CBP has not responded directly to criticism that their agents’ discretionary powers are being applied in a racist way. Instead, the agency issued a statement saying the Department of Homeland Security continues to ”except particularly vulnerable individuals from Title 42 on a case-by-case basis.”

Bookey with the Center for Gender and Refugee Studies said the arbitrary and discretionary nature of Title 42 makes it an unfair legal process.

“That is certainly not a system based in any sort of consistent application of legal standards or rule of law,” she said.

After the denial, Cline and Bookey submitted another application. This one with another doctor affirming the seriousness of the girl’s medical condition. They also appealed to the Office for Civil Rights and Civil Liberties at the Department of Homeland Security.

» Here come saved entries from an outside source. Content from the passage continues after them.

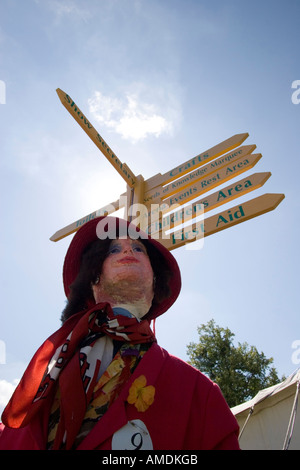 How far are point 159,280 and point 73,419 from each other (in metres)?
0.97

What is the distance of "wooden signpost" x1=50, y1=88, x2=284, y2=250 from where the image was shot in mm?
2242

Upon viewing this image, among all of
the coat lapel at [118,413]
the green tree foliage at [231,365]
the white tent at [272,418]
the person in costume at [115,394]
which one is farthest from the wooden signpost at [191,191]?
the green tree foliage at [231,365]

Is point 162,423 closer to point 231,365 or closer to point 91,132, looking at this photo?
point 91,132

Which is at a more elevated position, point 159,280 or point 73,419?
point 159,280

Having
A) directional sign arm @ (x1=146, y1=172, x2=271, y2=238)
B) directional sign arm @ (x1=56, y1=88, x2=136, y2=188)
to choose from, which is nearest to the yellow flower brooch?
directional sign arm @ (x1=146, y1=172, x2=271, y2=238)

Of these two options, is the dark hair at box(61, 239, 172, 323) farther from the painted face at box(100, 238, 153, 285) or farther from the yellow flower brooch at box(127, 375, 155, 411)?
the yellow flower brooch at box(127, 375, 155, 411)

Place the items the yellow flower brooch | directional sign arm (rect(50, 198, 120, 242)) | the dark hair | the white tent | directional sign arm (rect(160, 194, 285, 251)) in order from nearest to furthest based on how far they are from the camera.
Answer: the yellow flower brooch < the dark hair < directional sign arm (rect(160, 194, 285, 251)) < directional sign arm (rect(50, 198, 120, 242)) < the white tent

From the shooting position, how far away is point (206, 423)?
105 centimetres

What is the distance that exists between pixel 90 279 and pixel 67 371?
62 centimetres

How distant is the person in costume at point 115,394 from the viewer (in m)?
0.97

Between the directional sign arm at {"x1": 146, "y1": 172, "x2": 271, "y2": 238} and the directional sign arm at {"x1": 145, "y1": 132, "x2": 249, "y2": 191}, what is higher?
the directional sign arm at {"x1": 145, "y1": 132, "x2": 249, "y2": 191} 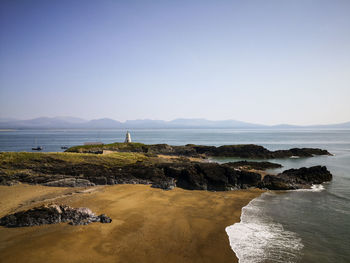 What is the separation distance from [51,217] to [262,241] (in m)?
9.79

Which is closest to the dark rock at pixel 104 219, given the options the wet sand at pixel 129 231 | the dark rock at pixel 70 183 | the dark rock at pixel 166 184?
the wet sand at pixel 129 231

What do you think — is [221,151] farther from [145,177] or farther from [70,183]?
[70,183]

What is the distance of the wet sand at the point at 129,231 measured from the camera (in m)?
7.89

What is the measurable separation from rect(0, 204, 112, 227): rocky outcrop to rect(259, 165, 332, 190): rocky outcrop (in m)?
14.2

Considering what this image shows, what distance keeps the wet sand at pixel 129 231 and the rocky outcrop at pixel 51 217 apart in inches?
13.6

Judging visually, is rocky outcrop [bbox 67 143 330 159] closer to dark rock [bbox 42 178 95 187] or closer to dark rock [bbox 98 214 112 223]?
dark rock [bbox 42 178 95 187]

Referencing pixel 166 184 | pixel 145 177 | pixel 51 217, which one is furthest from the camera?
pixel 145 177

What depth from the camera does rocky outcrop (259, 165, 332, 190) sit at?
18.4 metres

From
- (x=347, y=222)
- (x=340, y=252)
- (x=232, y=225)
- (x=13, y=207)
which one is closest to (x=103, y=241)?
(x=232, y=225)

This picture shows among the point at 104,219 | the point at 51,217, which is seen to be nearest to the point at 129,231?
the point at 104,219

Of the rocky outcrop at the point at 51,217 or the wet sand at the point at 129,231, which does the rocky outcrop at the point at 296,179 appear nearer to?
the wet sand at the point at 129,231

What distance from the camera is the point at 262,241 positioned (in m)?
9.33

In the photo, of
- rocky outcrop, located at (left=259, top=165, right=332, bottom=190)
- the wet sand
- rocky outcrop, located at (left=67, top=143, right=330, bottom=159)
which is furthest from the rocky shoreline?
rocky outcrop, located at (left=67, top=143, right=330, bottom=159)

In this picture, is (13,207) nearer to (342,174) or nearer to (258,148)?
(342,174) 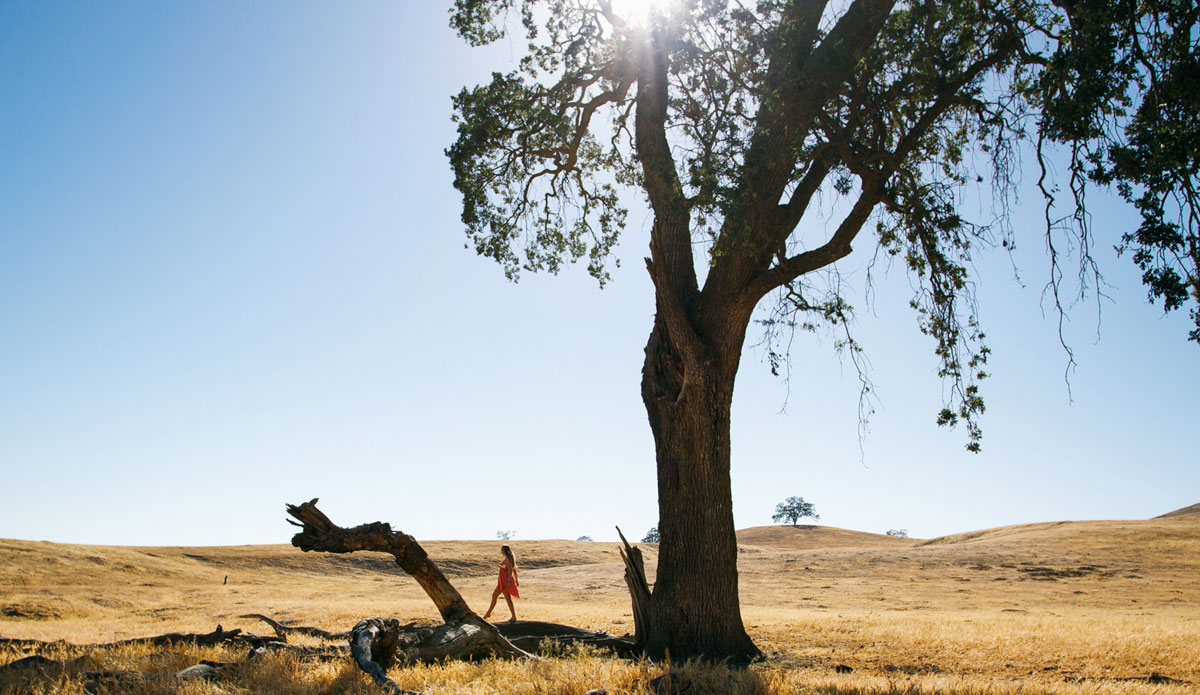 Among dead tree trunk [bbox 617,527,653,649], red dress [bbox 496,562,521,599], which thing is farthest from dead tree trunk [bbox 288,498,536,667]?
red dress [bbox 496,562,521,599]

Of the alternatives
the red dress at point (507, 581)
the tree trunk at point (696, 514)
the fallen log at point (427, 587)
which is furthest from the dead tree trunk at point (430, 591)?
the red dress at point (507, 581)

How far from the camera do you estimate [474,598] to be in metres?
27.0

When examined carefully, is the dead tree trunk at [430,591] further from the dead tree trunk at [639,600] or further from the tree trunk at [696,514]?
the dead tree trunk at [639,600]

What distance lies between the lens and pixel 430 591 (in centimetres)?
943

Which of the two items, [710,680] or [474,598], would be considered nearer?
[710,680]

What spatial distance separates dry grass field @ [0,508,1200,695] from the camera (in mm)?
6852

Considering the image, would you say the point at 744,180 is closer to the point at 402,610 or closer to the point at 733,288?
the point at 733,288

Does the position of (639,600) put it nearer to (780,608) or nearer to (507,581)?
(507,581)

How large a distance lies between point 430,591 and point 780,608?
58.2ft

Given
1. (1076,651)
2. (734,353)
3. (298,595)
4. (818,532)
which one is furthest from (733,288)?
(818,532)

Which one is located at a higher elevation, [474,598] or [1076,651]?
[1076,651]

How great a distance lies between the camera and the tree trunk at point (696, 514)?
992 centimetres

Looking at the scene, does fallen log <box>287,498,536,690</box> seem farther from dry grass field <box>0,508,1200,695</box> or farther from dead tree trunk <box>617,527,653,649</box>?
dead tree trunk <box>617,527,653,649</box>

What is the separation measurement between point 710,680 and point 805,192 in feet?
24.4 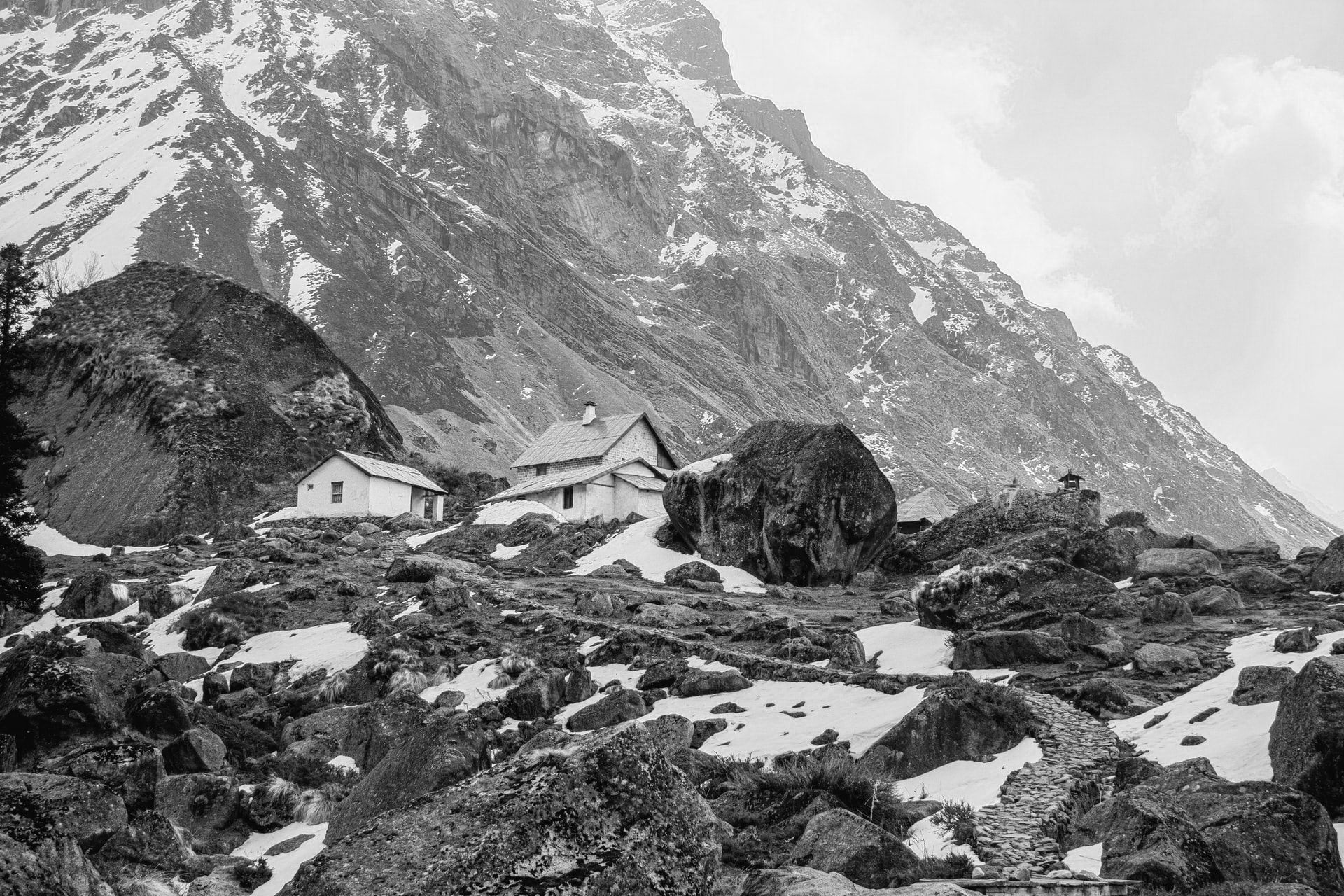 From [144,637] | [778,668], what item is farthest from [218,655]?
[778,668]

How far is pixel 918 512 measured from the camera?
50.2 meters

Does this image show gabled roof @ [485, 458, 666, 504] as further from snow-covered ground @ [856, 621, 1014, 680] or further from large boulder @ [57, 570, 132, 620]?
snow-covered ground @ [856, 621, 1014, 680]

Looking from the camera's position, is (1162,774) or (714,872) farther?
(1162,774)

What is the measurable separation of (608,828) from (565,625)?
1995 cm

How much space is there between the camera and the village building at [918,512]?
4894 cm

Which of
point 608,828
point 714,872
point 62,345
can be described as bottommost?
point 714,872

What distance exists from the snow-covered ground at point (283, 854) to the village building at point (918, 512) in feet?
115

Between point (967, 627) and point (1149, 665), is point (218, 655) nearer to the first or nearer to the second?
point (967, 627)

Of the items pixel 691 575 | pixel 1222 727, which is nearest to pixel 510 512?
pixel 691 575

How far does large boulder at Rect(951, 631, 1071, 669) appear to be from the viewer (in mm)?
17891

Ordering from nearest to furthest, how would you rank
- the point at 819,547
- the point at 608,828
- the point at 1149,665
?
the point at 608,828 < the point at 1149,665 < the point at 819,547

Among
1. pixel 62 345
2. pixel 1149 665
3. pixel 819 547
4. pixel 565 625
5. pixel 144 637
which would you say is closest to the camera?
pixel 1149 665

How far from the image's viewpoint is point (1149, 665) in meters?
16.6

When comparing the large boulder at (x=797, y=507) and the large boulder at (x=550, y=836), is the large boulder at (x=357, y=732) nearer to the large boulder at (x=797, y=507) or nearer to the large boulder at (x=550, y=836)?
the large boulder at (x=550, y=836) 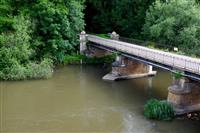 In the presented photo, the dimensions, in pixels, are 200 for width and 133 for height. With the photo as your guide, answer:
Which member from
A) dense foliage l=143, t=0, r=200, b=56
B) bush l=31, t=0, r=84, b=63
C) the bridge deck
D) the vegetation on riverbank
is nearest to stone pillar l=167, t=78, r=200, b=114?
the bridge deck

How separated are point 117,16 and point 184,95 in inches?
1137

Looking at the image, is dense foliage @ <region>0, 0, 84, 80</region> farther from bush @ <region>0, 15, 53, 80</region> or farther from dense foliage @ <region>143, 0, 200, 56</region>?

Finally, the second application was approved.

The family crossed the San Ysidro port of entry Thursday. But that doesn't mean they will get to stay in the U.S.—it's only the start of a long and complicated legal journey, Bookey said.

“The asylum process is extremely grueling in the United States,” she said.

Unlike criminal court, people in immigration court do not get a public defender. They have the right to an attorney, but only if they can pay for one or find someone to represent them for free.

Therefore, most people end up representing themselves. The majority of cases get denied.